Employment tribunal rules in favour sacked Jewish teacher
Zelda de Groen, 24, who lost her job in 2016 at a Jewish nursery school in London after school authorities found she was ‘living in sin’ with her boyfriend, has won her case of religious and sexual discrimination.
An Employment Tribunal in Watford found the way she was treated by the ultra-Orthodox Gan Menachem Nursery in Hendon was “undoubtedly humiliating, degrading and offensive.”
It dismissed the school’s claims that it was justified in firing her.
The tribunal will hold an additional hearing at an undetermined date to discuss compensation. In her lawsuit, de Groen had asked for more than £19,000.
De Groen grew up in a haredi Orthodox home in Stamford Hill in London, but left “after many years of significant discontent”. She moved in with her boyfriend Oz Waknin in April 2016. The couple married in July of this year.
In May 2016, they were guests at a barbecue along with some school trustees and parents of pupils. During the event, it became known that the unmarried couple was living together. Some parents spoke to the school about their objections to de Groen’s living situation afterward.
De Groen told the tribunal that school managers subjected her to a “humiliating” hourlong interview in which they said it was time for her to get married. She also described their tone as “threatening”.
I was told that having kids outside of marriage is wrong and will not be tolerated. Their comments, and the personal nature of the meeting, were humiliating.
De Groen told the tribunal that the nursery told her one solution to the issue would be for her to lie about her living situation.
Two days after the meeting, de Groen asked her managers for an apology but instead was given a letter notifying her of disciplinary proceedings. She was fired a month later.
According to this report, Employment Judge Andrew Clarke said that there was “no dispute” that many Orthodox Jews regarded cohabitation before marriage as contrary to the faith.

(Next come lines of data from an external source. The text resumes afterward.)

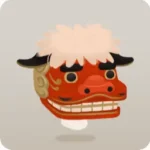 獅子舞ヘッド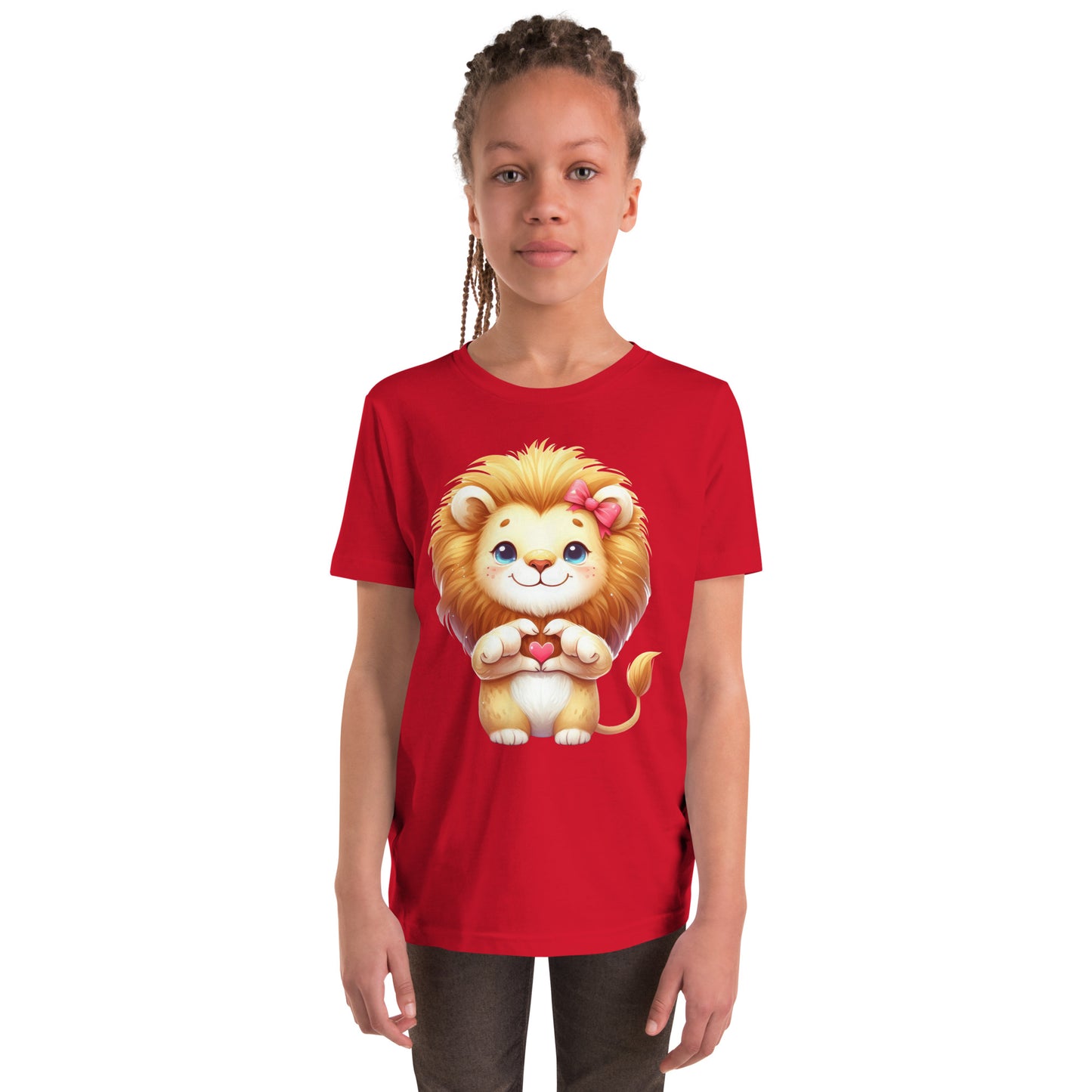 Lion Youth Short Sleeve T-Shirt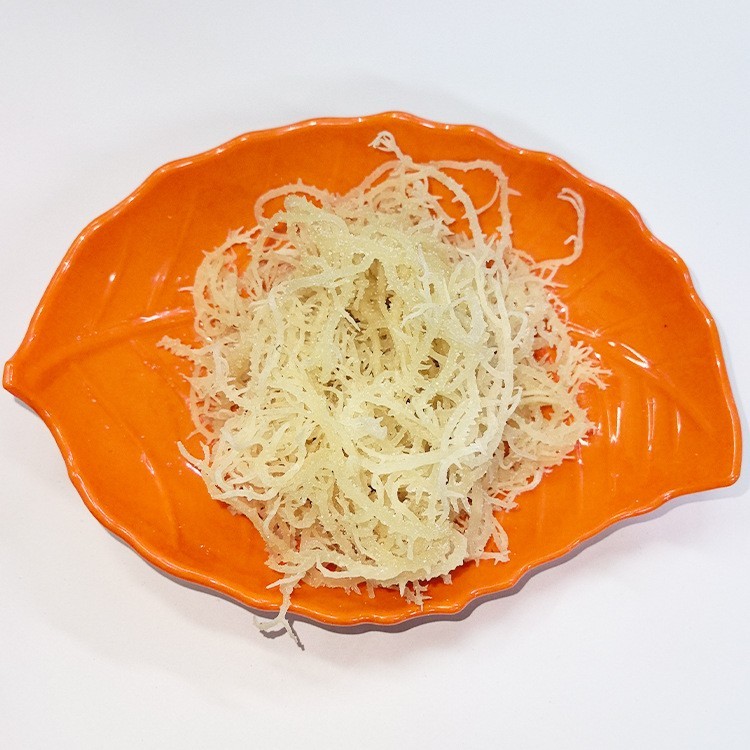 长寿菜海藻菜麒麟菜食用海鲜干货龙须菜日晒干货石花菜鹿角菜图2
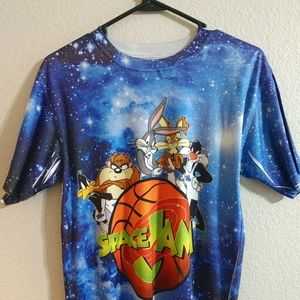 Space Jam T-shirt Size Small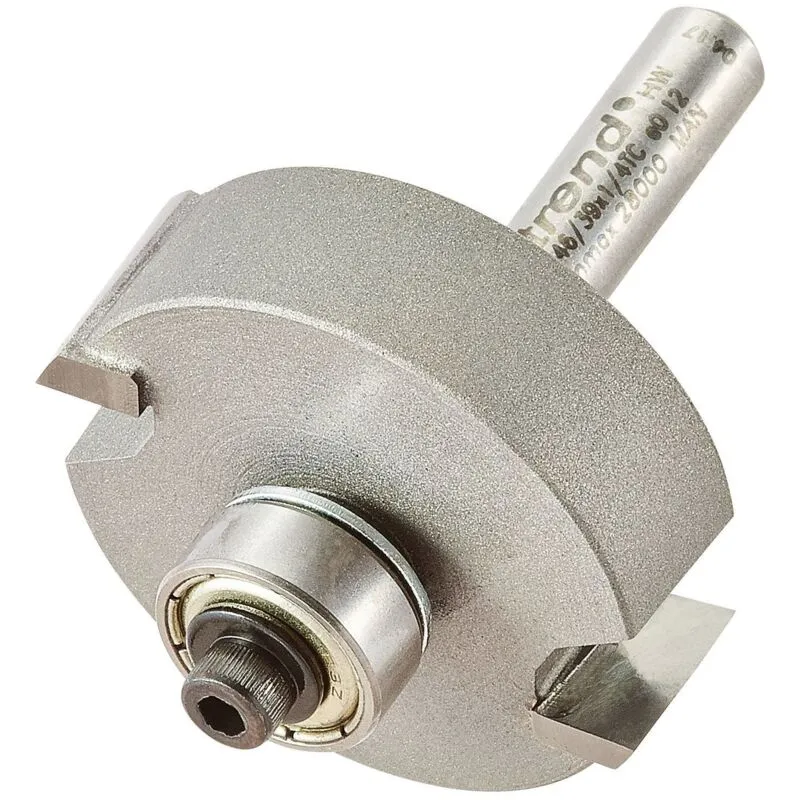 46/39X1/4 bearing guided 35MM rebater - Trend
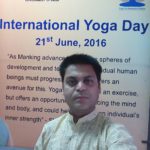 Yoga Session on the World Yoga Day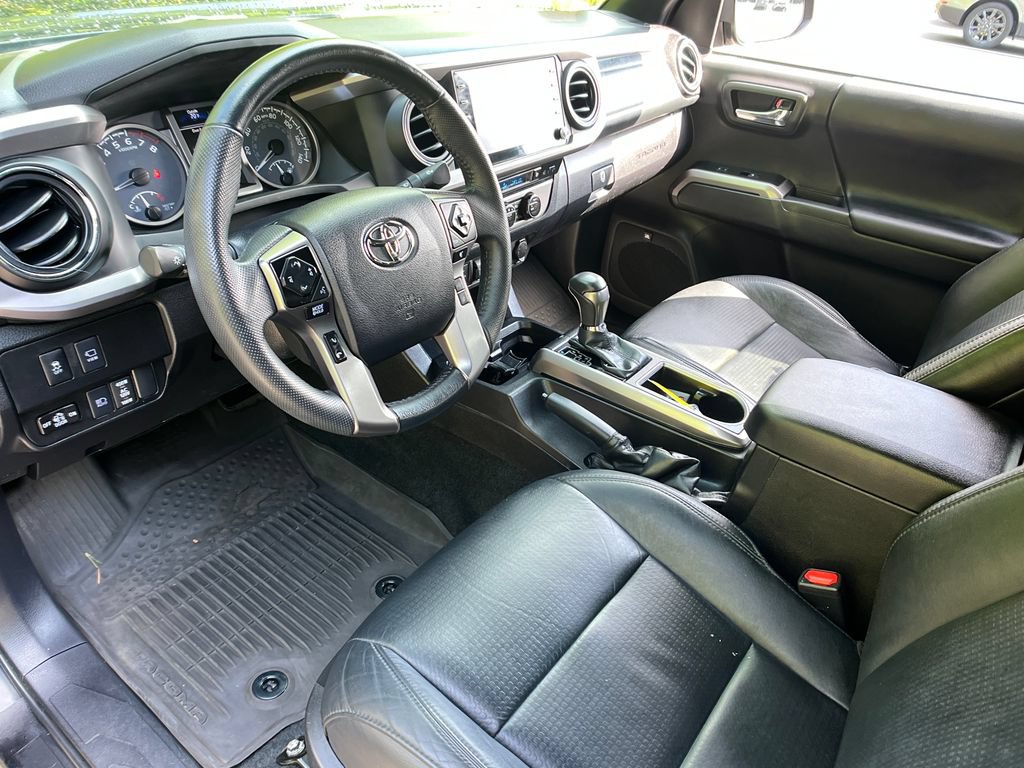 Certified 2023 Toyota Tacoma Limited w/ Nightshade Package AWD/4WD image 10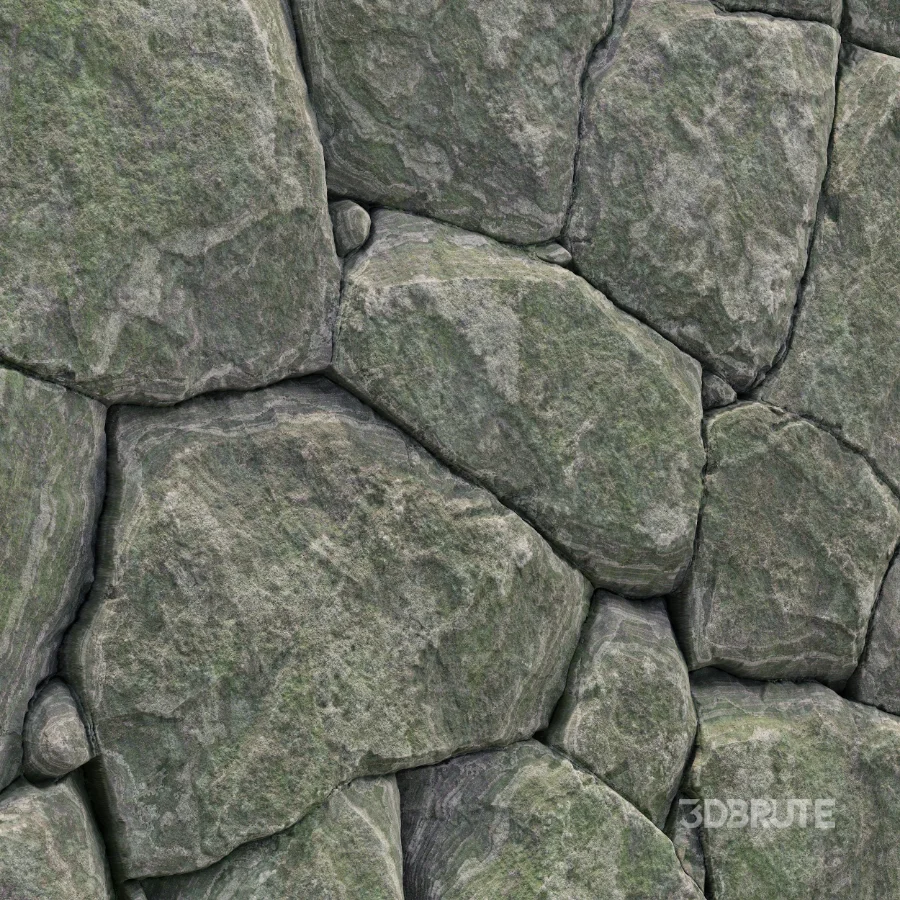 Stone Wall 44 (Seamless) Image 4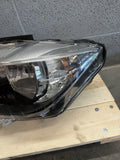 2012-2015 BMW 3 SERIES F30 HEADLIGHT HEADLAMP HALOGEN DRIVER LEFT *CRACK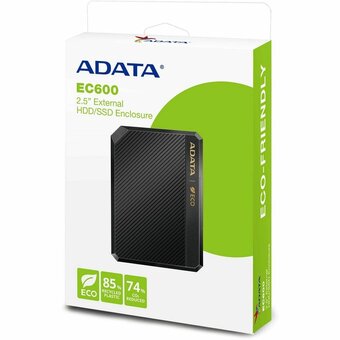  Корпус для HDD/SSD ADATA EC600-BCBK 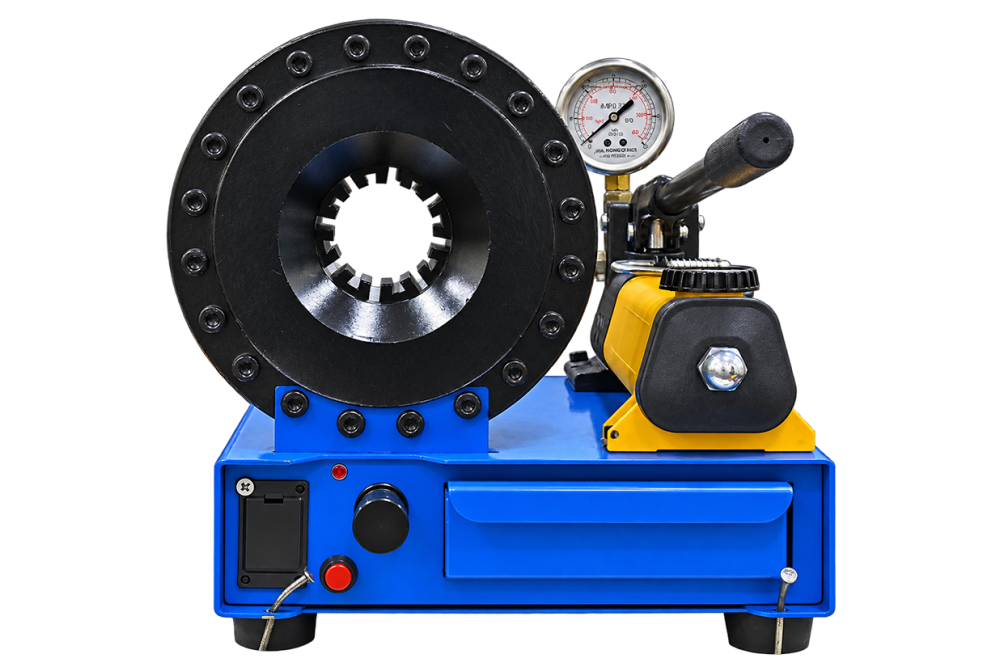 Manual Hose Crimper Machine (Hand Hydra-1 inch)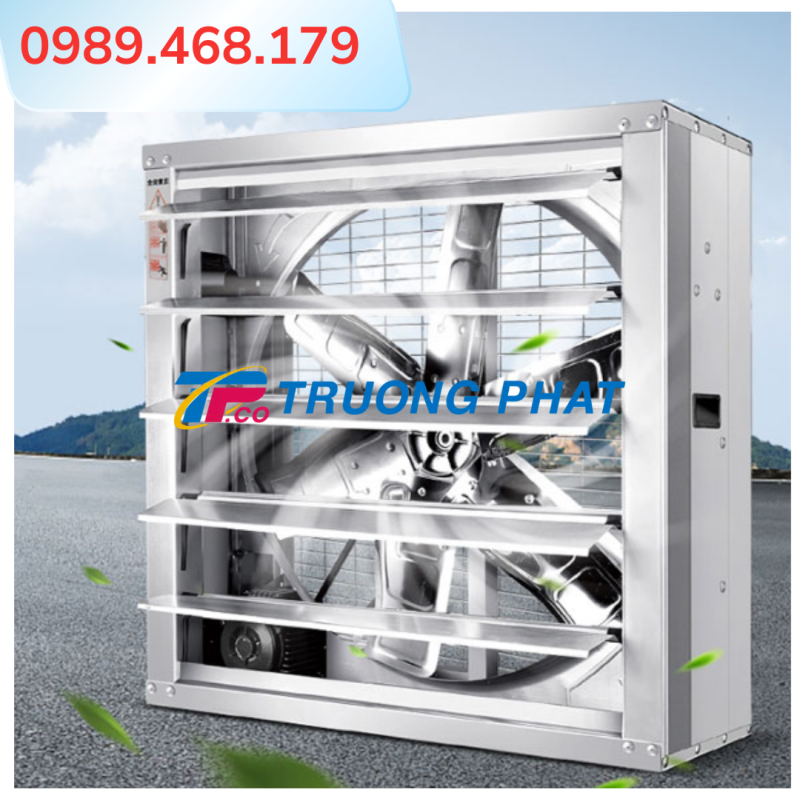 Quạt hút công nghiệp 900x900x400 giá tốt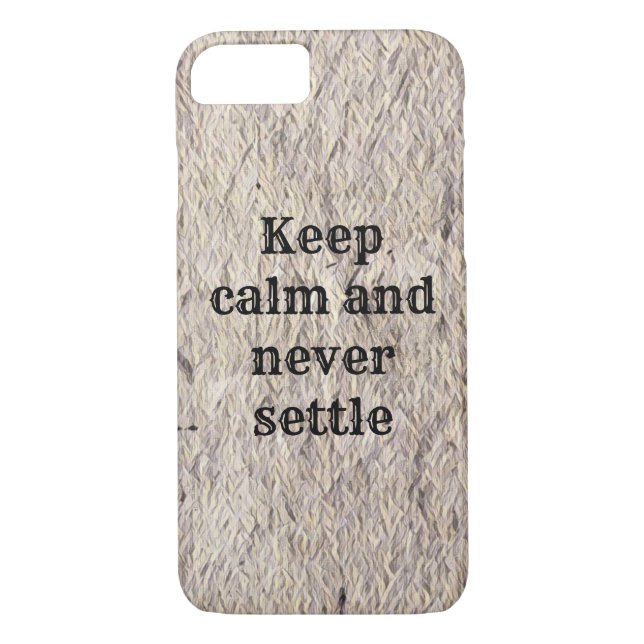 Coques Case-Mate iPhone Motivational and inspirational quote (Dos)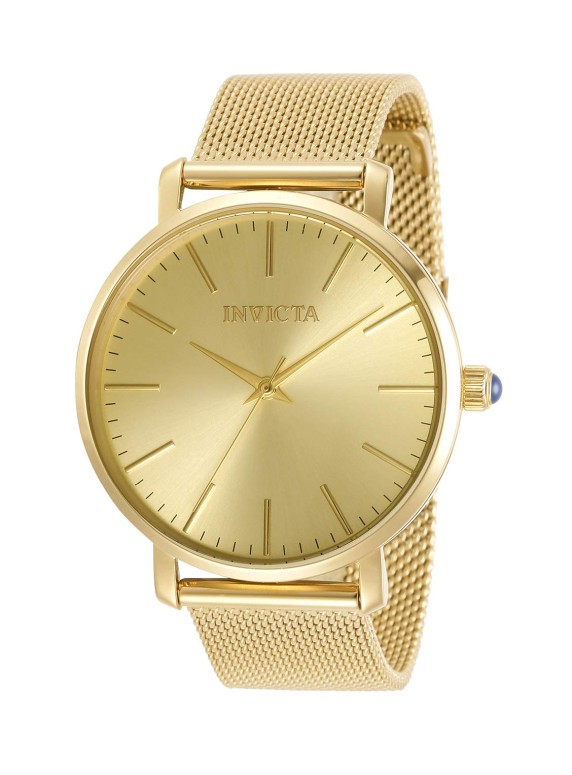 インビクタ Invicta インヴィクタ 女性用 腕時計 レディース ウォッチ ゴールド 31071 【並行輸入品】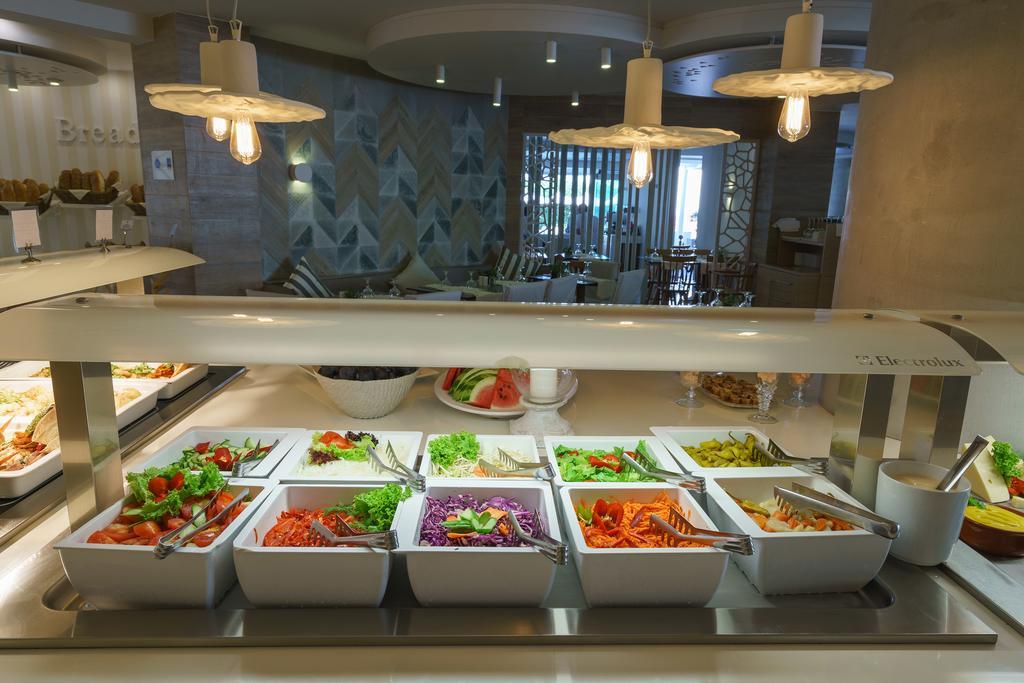 Nefeli Hotel Platanes  Bagian luar foto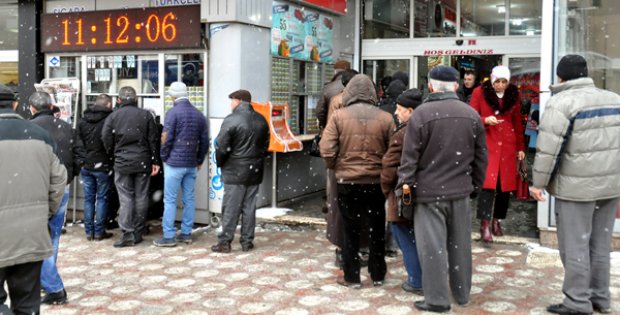 Yılbaşı Çekilişinde Sivas´a 3 Milyon Lira İsabet Etti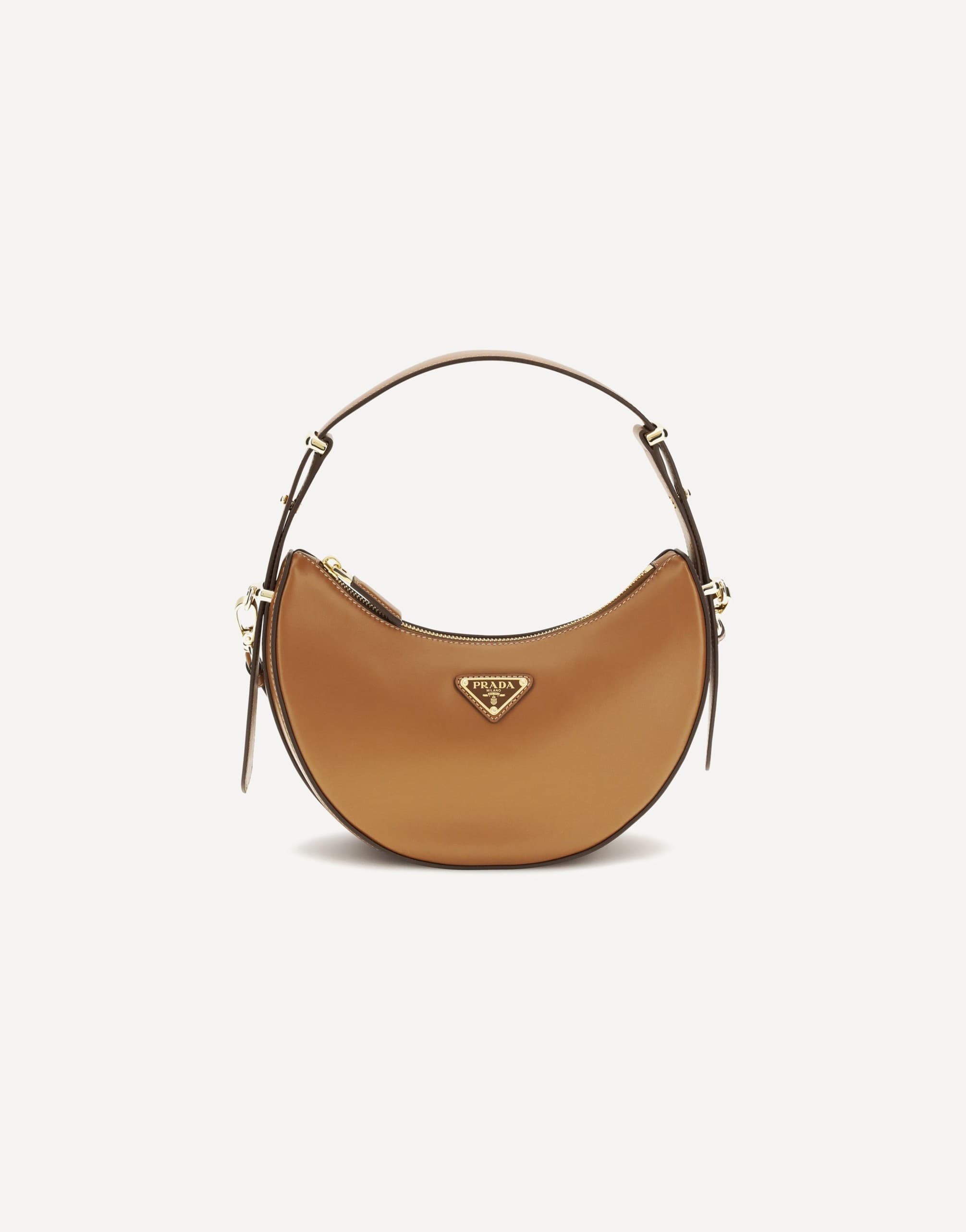 Prada Arqué Shoulder Bag Bucket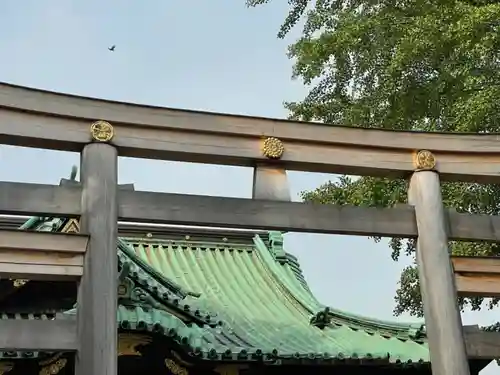 牛嶋神社の鳥居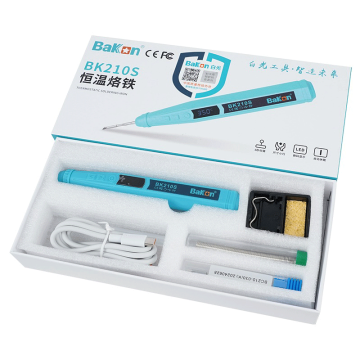 Bakon BK210S Portatif USB Isı Kontrollu Havya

But the nursery, which follows Lubavitch teachings, had not shown there was any occupational requirement by teachers to observe such standards, it found. Moreover, Gan Menachem’s case was that:
It was not concerned with her private life, all that it wanted was the appearance of compliance.
The tribunal noted she was regarded as “a very good teacher” by Gan Menachem, and that a man would not have been treated in the same way.